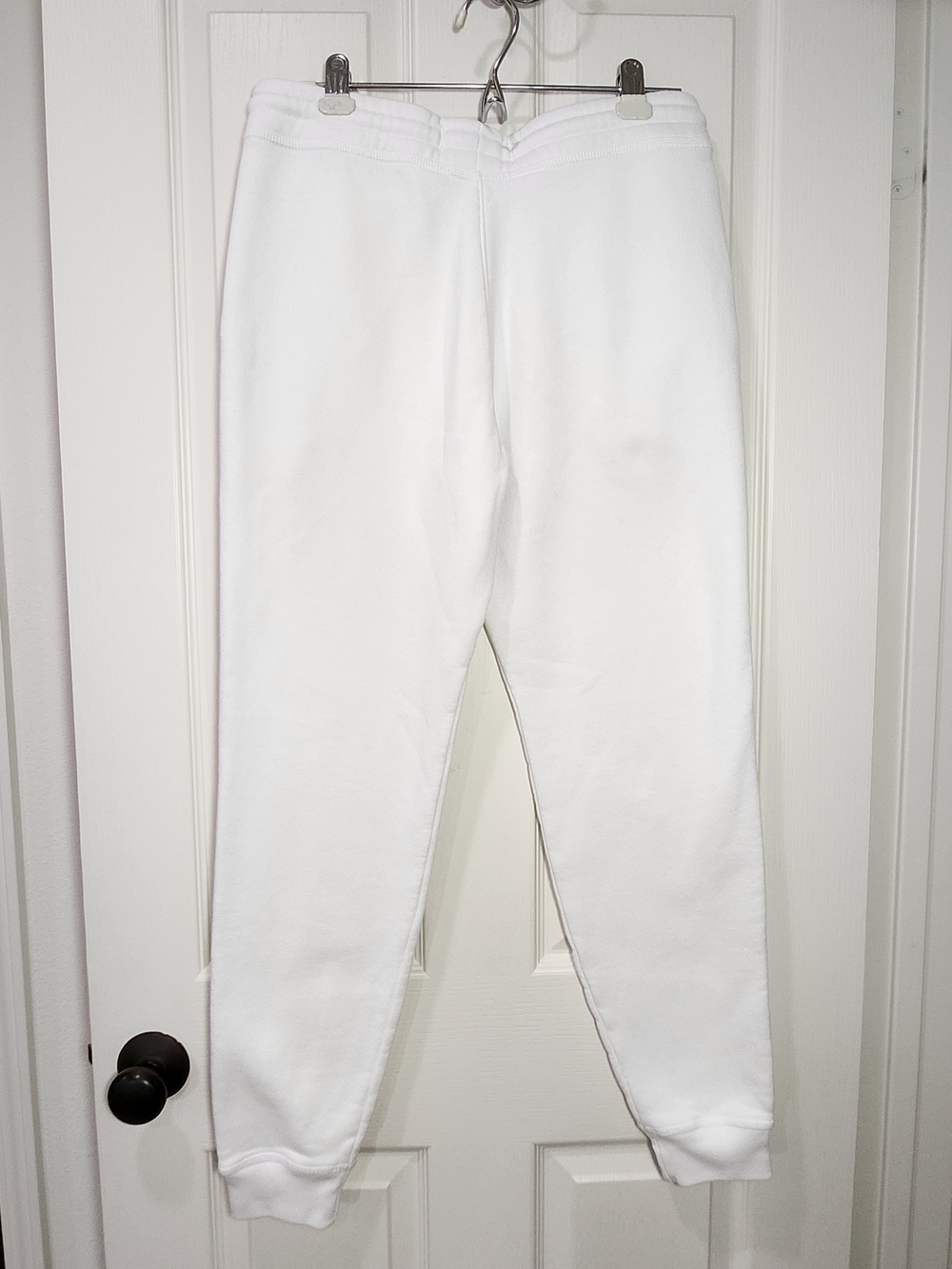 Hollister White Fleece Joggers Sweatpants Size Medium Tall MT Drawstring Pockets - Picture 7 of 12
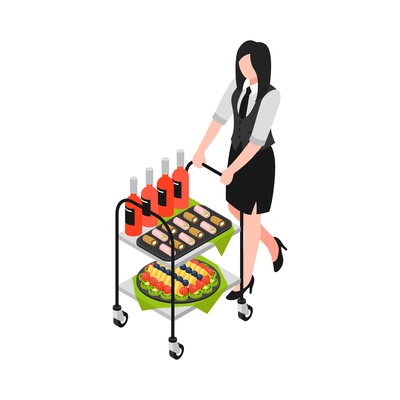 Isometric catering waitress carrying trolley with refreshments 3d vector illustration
==
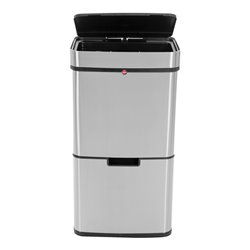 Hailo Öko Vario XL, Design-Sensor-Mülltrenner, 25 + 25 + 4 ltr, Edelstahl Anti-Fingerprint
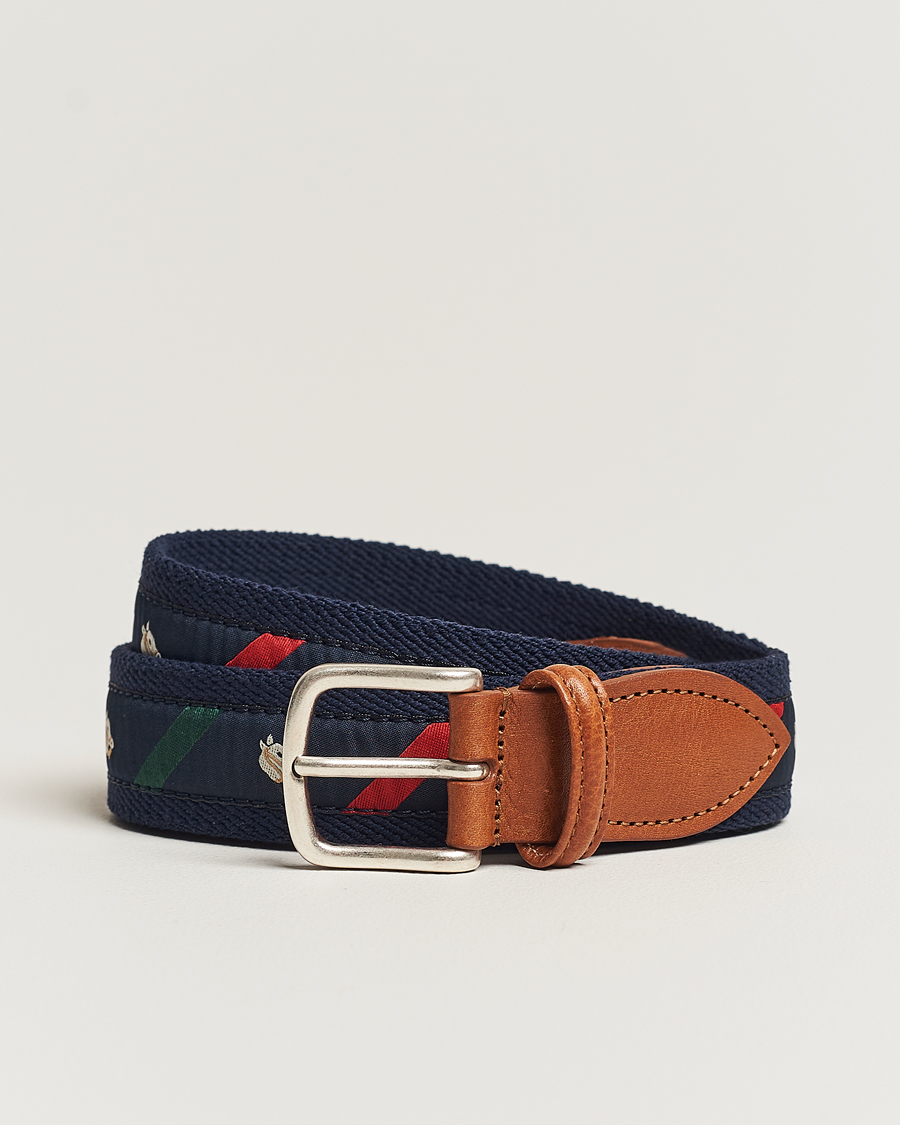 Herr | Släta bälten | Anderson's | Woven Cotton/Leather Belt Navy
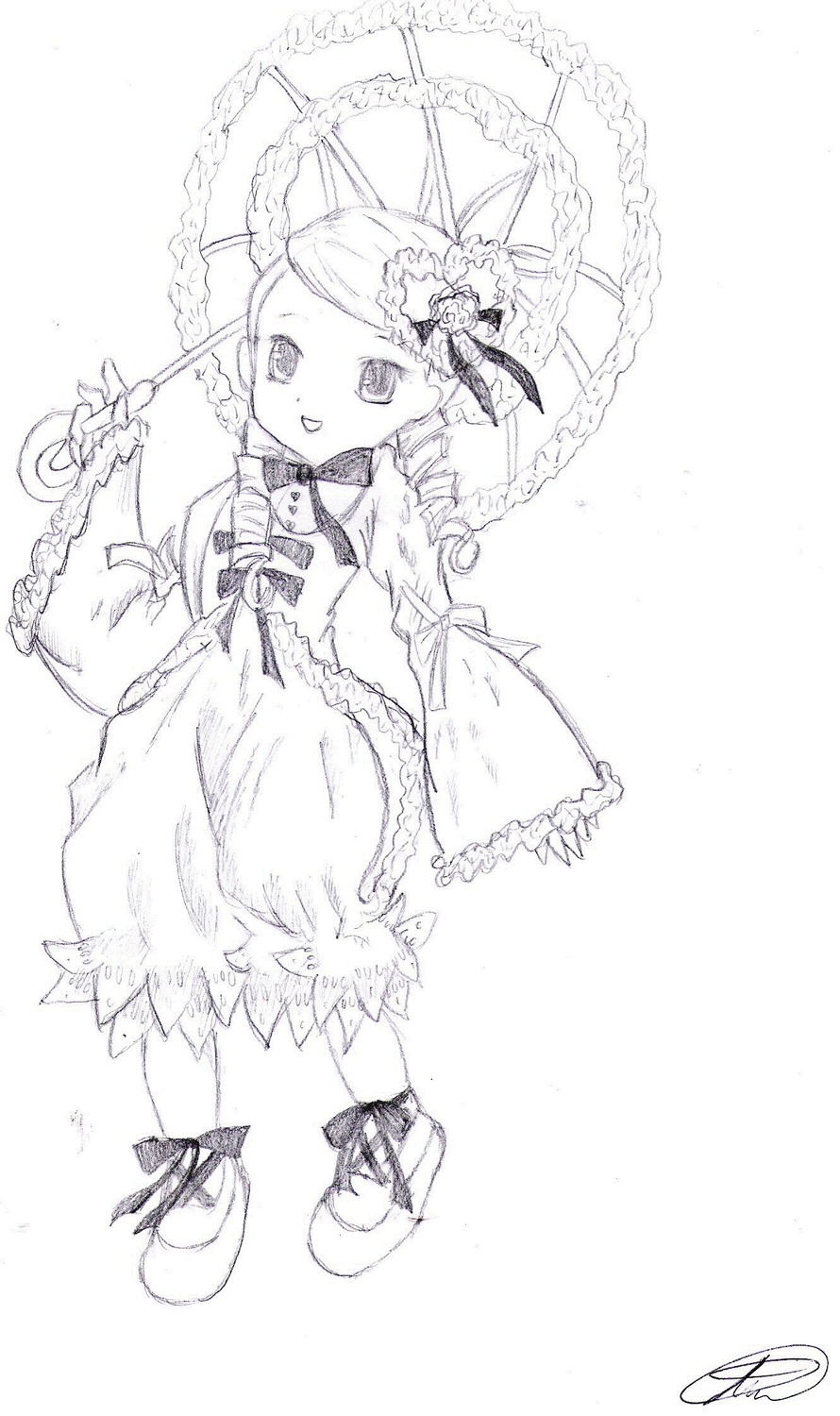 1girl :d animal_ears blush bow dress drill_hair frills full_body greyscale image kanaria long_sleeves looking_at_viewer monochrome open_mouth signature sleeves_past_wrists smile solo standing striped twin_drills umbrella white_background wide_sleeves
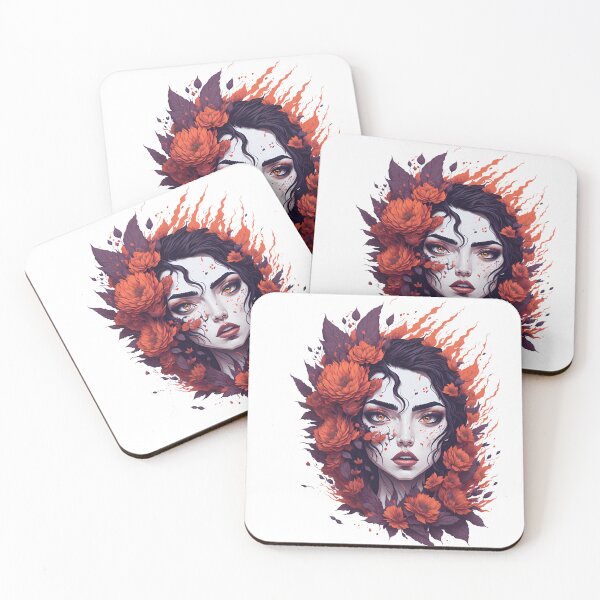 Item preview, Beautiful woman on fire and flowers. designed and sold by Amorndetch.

### BRIEF
Give back exactly the lines above from the one with "Hollister White Fleece" through the one with "Isometric catering waitress", both included. Pictures don't belong in the copy.

### TASK SOLUTION
 Hollister White Fleece Joggers Sweatpants Size Medium Tall MT Drawstring Pockets - Picture 7 of 12
 Isometric catering waitress carrying trolley with refreshments 3d vector illustration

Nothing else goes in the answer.